(Stored items)
-------

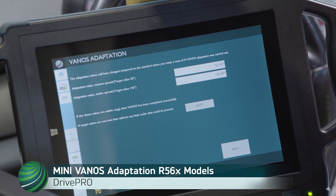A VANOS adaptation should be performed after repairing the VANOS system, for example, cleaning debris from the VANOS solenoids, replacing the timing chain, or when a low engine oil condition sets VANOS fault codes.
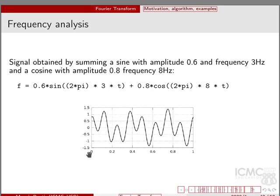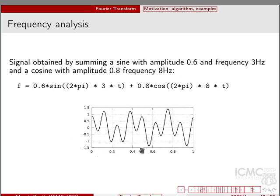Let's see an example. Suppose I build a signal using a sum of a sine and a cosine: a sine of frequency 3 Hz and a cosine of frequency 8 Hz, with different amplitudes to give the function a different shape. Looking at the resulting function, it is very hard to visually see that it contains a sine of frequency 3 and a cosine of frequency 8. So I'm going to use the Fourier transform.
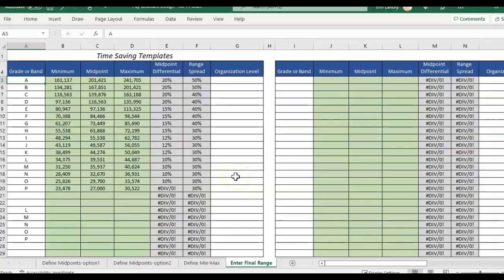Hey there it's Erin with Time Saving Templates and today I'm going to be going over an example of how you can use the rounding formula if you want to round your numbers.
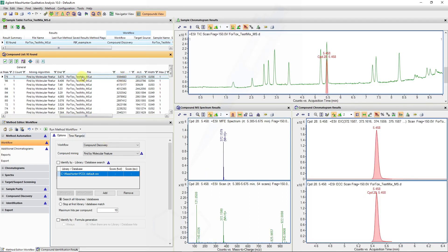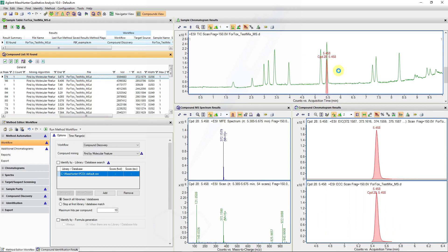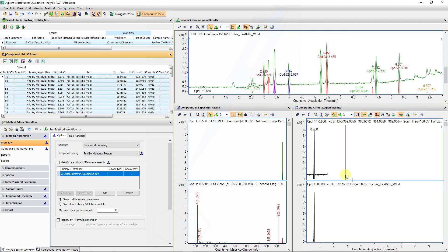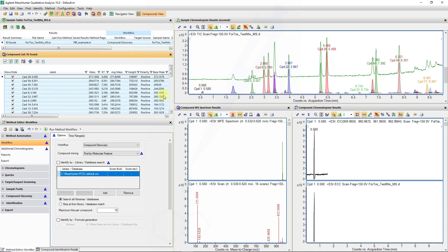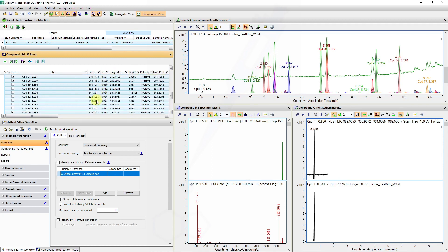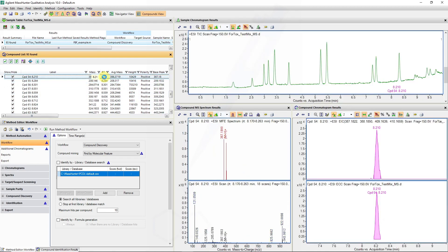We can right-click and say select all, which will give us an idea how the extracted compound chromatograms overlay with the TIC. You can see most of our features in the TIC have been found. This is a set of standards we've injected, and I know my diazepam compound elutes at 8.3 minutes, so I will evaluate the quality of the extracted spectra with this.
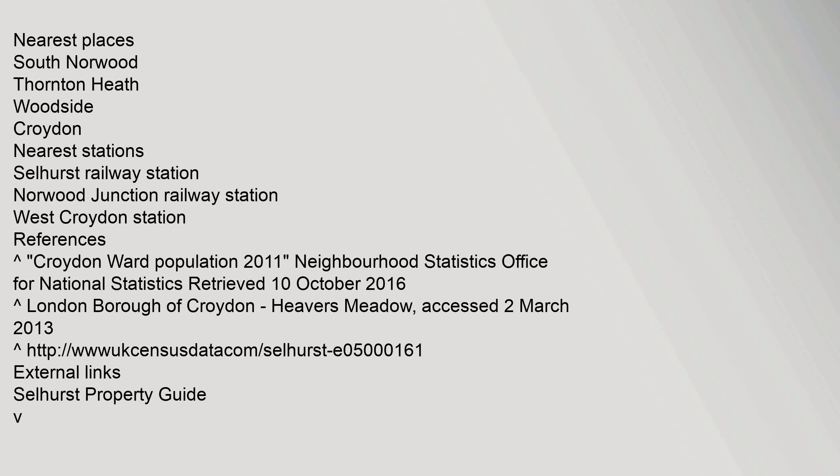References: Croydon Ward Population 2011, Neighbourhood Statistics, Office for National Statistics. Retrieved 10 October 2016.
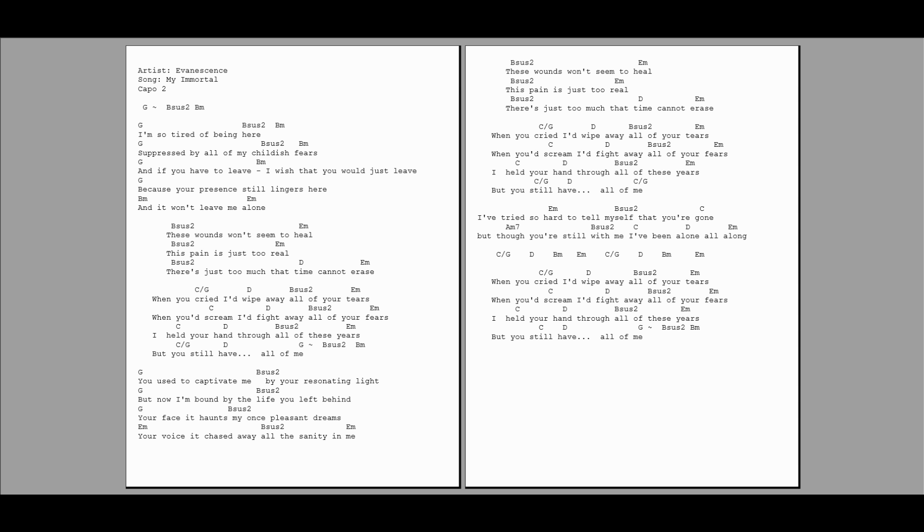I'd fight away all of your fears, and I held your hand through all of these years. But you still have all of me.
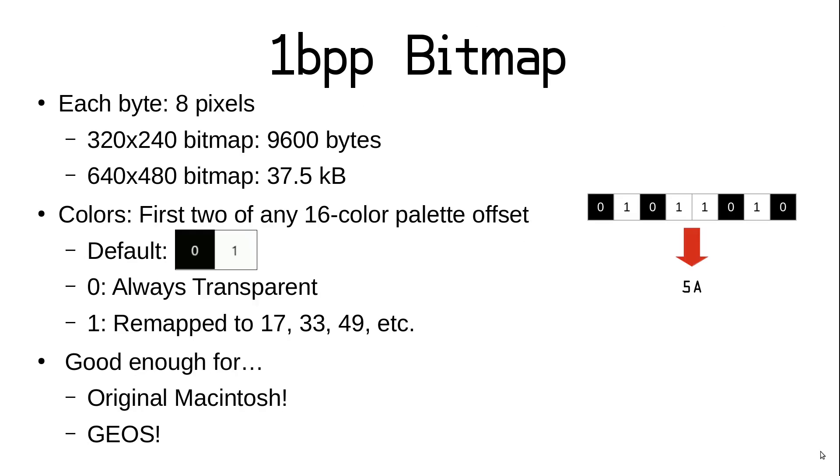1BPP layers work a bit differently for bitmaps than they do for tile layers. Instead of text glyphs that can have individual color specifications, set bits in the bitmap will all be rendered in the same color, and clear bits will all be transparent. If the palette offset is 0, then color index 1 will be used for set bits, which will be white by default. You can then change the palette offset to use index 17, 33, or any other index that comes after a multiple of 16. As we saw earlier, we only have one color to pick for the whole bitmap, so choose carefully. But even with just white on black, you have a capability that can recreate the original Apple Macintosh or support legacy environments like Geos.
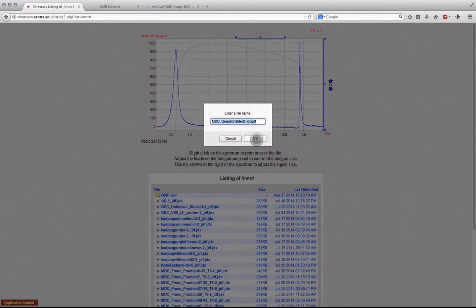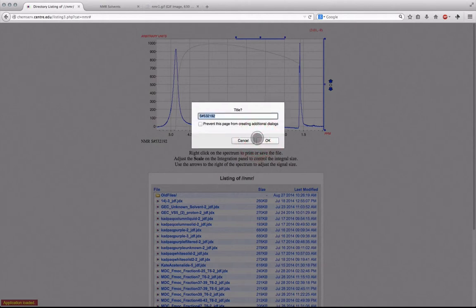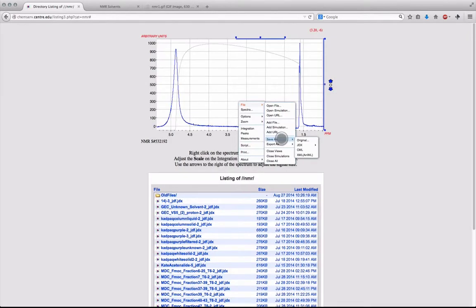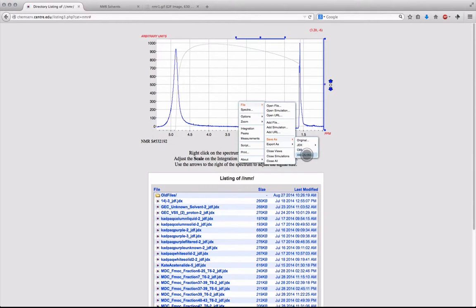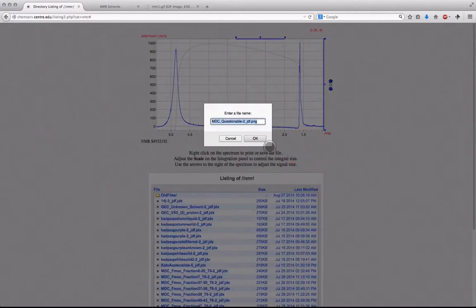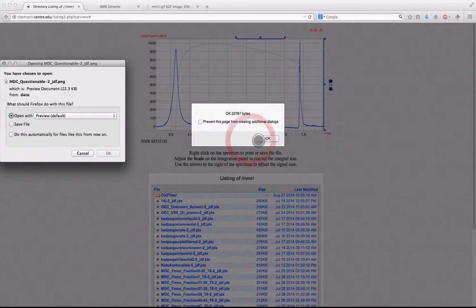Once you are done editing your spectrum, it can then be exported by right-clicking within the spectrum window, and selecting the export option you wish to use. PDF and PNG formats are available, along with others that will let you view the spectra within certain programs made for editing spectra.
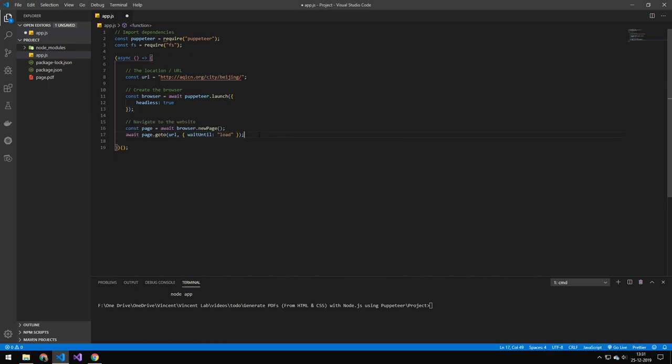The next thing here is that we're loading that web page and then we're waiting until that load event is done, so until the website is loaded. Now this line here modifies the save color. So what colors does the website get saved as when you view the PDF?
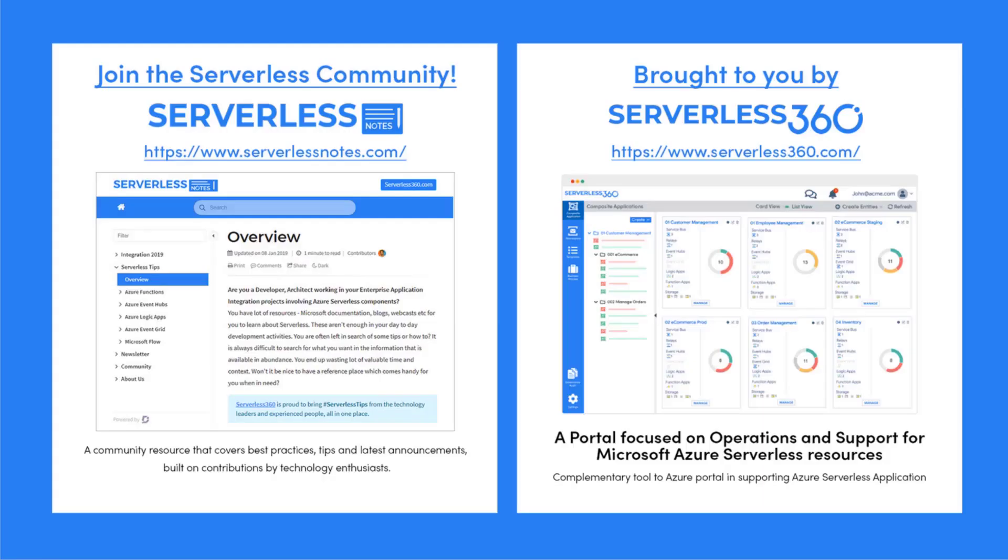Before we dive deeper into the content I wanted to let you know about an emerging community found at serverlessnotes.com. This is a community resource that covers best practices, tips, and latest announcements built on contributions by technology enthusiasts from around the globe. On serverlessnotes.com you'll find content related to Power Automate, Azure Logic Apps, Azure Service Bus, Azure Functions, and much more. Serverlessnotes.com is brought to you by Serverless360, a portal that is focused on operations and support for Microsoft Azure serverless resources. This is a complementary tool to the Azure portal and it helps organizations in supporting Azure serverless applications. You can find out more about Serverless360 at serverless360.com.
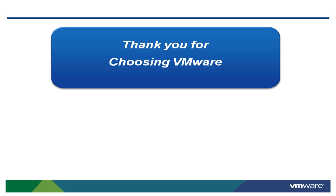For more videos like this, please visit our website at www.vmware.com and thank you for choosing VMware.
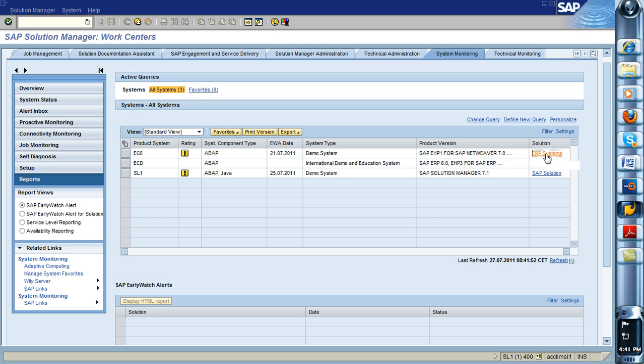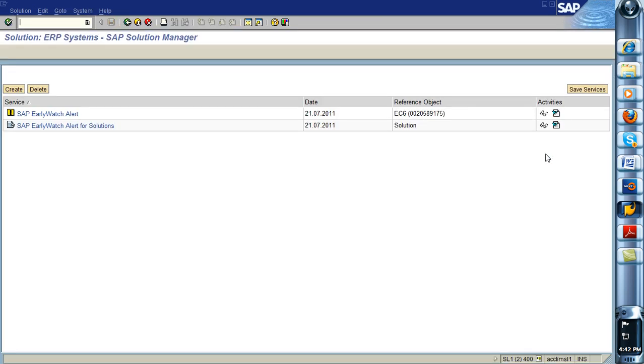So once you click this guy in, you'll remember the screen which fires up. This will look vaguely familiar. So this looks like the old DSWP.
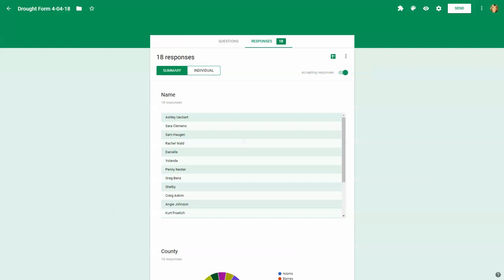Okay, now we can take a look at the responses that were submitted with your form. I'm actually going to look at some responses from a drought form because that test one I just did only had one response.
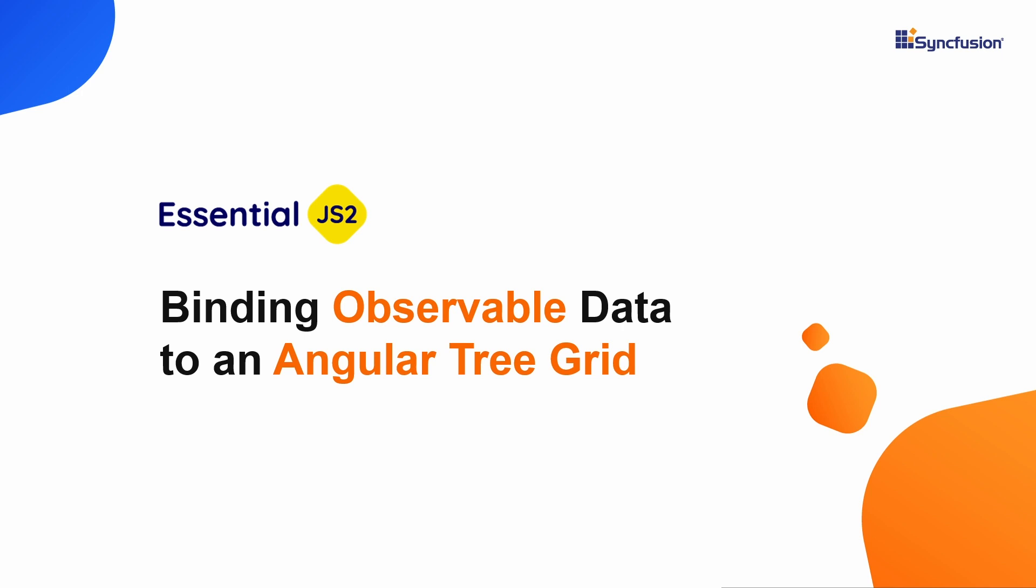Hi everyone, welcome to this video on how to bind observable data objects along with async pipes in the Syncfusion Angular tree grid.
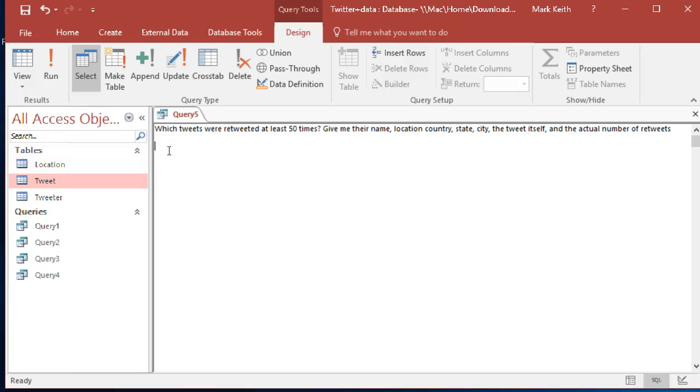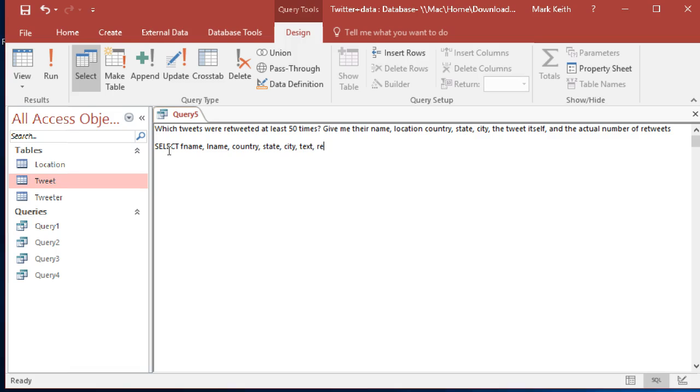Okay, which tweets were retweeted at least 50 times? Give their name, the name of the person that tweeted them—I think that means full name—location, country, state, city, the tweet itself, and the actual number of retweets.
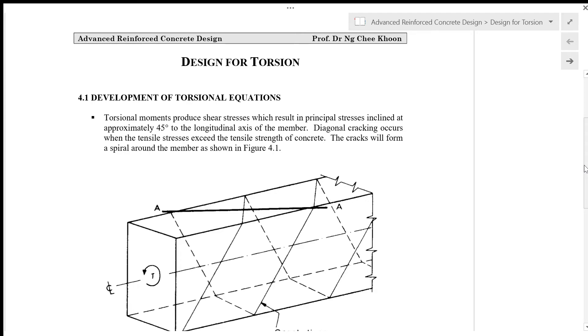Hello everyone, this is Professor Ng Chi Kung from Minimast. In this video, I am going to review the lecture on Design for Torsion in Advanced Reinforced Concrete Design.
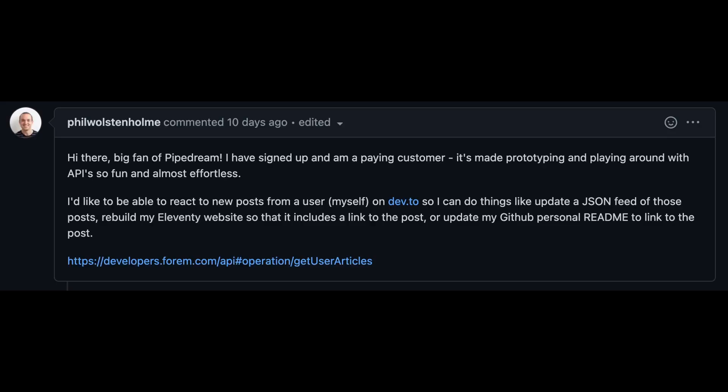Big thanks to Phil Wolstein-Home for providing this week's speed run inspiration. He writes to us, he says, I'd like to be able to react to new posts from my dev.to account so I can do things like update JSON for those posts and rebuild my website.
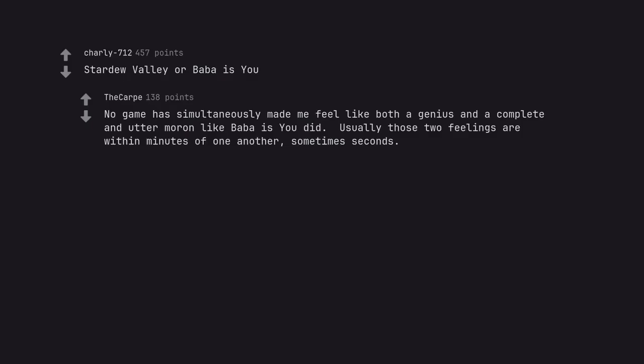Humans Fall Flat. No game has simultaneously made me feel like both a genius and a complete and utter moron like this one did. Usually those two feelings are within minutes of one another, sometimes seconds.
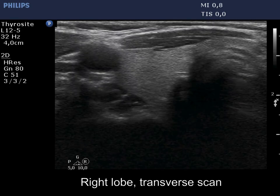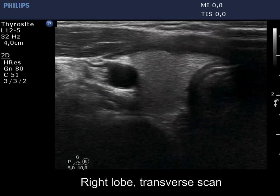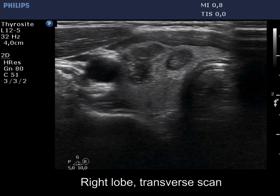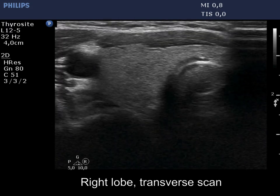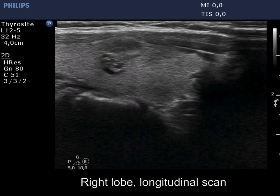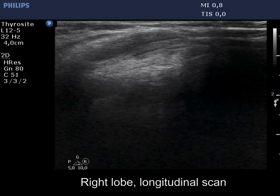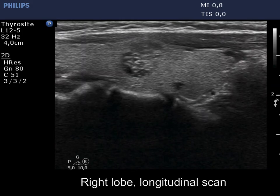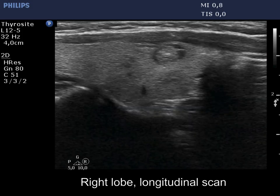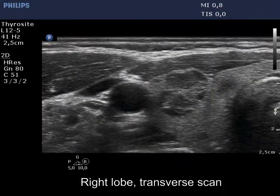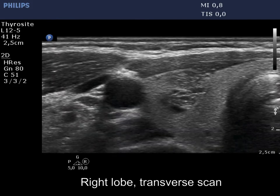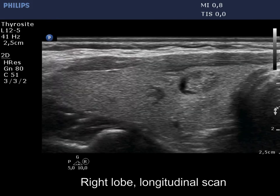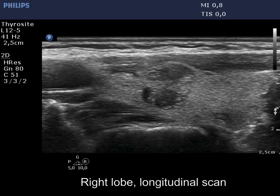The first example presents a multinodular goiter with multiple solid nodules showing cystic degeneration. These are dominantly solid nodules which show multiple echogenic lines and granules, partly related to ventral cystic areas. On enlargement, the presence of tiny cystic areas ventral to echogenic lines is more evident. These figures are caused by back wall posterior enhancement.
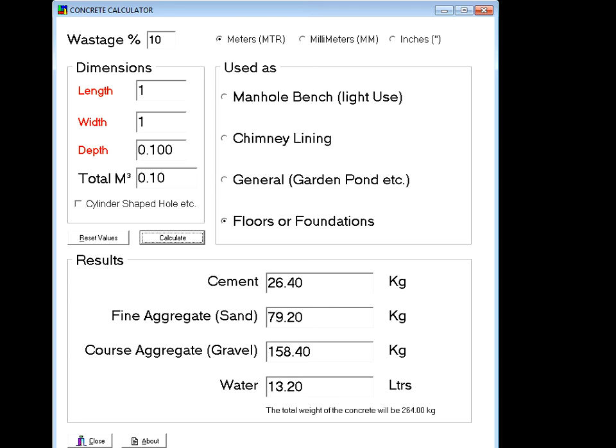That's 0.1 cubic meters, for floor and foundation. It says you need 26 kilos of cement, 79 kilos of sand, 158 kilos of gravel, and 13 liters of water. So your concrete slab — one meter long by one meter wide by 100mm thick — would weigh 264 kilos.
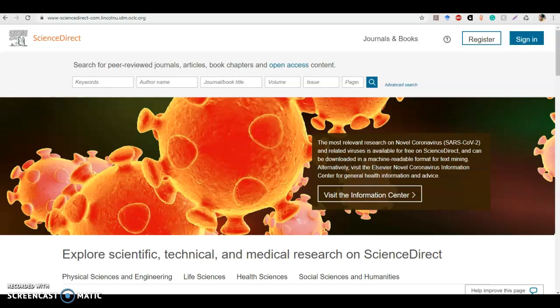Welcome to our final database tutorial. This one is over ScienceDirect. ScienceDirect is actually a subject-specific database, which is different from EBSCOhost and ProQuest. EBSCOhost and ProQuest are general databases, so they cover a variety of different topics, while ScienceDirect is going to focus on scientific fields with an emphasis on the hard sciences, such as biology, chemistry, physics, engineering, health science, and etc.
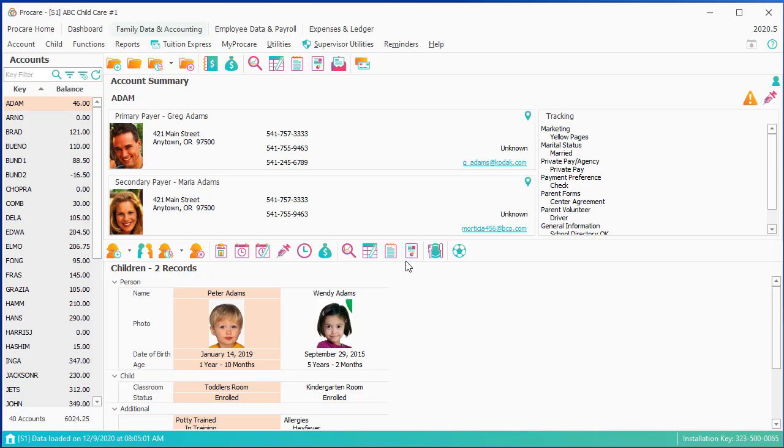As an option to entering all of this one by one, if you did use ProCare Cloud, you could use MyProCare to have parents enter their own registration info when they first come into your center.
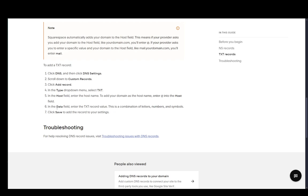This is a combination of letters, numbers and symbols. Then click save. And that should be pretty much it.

-------

Repeat only the lines from the line with "Welcome to our" to the end of the entries, including both the first and the last line, and drop every picture.

Welcome to our final database tutorial. This one is over ScienceDirect. ScienceDirect is actually a subject-specific database, which is different from EBSCOhost and ProQuest. EBSCOhost and ProQuest are general databases, so they cover a variety of different topics, while ScienceDirect is going to focus on scientific fields with an emphasis on the hard sciences, such as biology, chemistry, physics, engineering, health science, and etc.
As an option to entering all of this one by one, if you did use ProCare Cloud, you could use MyProCare to have parents enter their own registration info when they first come into your center.
This is a combination of letters, numbers and symbols. Then click save. And that should be pretty much it.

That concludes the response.